The trend: telemetry as cover. Legitimate developer tools do collect anonymized install diagnostics, and the conventions for doing it respectfully — a disclosure notice, a DO_NOT_TRACK honor, an opt-out flag, a policy URL — are well known. ai-sdk-helpers reproduces all four of those conventions faithfully and uses them as the wrapper for identity collection. The presence of a consent banner, a working opt-out, or a privacy-policy link is not evidence that a package is trustworthy; those controls are inexpensive to imitate. The only reliable check is what the code actually reads and where it actually sends it.

This packaging also has a measurable effect on automated triage.

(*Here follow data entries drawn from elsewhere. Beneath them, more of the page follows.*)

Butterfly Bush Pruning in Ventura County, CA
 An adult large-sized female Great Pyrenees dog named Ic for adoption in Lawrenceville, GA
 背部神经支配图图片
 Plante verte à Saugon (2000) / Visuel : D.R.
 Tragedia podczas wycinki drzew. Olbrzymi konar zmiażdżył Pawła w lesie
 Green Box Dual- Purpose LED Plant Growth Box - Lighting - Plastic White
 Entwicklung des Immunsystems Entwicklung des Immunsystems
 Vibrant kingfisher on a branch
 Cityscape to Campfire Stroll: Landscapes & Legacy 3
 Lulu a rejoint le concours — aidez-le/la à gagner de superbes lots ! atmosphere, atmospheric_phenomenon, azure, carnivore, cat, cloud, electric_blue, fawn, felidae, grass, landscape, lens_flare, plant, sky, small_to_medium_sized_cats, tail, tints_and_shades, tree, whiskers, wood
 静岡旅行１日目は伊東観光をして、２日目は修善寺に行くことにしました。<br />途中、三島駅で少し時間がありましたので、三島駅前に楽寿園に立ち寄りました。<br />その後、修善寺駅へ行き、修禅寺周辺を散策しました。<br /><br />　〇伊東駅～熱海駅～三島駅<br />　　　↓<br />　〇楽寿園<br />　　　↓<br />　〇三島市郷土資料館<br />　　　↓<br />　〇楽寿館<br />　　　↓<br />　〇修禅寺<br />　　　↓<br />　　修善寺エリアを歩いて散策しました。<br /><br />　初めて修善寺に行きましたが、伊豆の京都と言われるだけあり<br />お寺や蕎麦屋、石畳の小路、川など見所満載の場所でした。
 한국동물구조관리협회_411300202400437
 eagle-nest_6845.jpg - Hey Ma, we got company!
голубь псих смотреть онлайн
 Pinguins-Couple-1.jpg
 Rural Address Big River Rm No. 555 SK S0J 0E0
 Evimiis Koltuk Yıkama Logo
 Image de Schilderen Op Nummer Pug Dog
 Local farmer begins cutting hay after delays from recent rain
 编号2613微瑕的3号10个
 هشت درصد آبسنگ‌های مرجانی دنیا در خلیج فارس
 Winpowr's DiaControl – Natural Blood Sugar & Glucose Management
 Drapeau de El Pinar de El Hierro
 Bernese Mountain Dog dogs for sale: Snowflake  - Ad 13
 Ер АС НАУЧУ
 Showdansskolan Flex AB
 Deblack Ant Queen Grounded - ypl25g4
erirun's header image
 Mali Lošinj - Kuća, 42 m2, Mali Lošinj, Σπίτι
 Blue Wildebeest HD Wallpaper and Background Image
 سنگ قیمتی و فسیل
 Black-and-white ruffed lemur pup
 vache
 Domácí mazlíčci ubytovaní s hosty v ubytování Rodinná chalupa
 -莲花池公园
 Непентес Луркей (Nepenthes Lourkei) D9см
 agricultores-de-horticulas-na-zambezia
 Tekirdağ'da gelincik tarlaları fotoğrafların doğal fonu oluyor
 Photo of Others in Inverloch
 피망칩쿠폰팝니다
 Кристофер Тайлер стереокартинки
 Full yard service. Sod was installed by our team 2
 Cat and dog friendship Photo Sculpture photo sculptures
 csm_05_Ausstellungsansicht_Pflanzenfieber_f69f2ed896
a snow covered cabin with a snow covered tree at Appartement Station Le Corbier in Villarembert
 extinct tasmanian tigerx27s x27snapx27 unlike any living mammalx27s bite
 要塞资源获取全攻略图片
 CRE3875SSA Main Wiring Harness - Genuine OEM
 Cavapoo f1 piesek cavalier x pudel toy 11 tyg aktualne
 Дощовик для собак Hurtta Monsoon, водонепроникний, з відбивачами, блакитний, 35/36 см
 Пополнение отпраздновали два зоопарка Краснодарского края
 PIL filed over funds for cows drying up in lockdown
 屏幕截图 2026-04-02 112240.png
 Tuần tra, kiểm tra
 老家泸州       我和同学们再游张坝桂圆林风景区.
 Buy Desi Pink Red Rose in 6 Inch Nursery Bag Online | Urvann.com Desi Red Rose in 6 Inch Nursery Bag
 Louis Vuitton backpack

Across the versions our pipeline reviewed, the install script’s plain-language comments, structured field names, and conventional opt-out gate scored as ordinary telemetry: seven of the eight came back inconsequente from the ML classifier rather than malicious. The signal that resolves the ambiguity is not in the prose — it is in the specific files the script opens (~ / .gitconfig, ~/.config/gh/hosts.yml) and the destination it sends to. A reviewer, automated or human, who reads the disclosure and stops there will reach the wrong conclusion; the determination has to come from the data-flow facts.

Guidance for defenders:

  • Install with scripts disabled by default — npm install –ignore-scripts, ou definir ignore-scripts=true in .npmrc and run vetted build steps explicitly. This neutralizes pós-instalação-triggered collection across the board.
  • Do not treat opt-out controls as trust signals. A DO_NOT_TRACK check or a “telemetry policy” link tells you nothing about the data a script collects when the gate is not set.
  • Read the install hook before adopting AI-ecosystem helper packages. The Vercel AI SDK space is a fast-moving, high-trust target; a pós-instalação that touches ~ / .gitconfig or ~/.config/gh/ is a clear signal regardless of how the surrounding comments are written.
  • Monitor build-time egress. An outbound HTTPS POST during npm install, especially to a freshly provisioned cloud-function endpoint, is observable at the network layer and is a strong detection point for CI environments.
  • Watch for compressed version ladders. A package whose entire semantic-version history appears within seconds, with an unchanging install script, is presenting a manufactured maintenance history.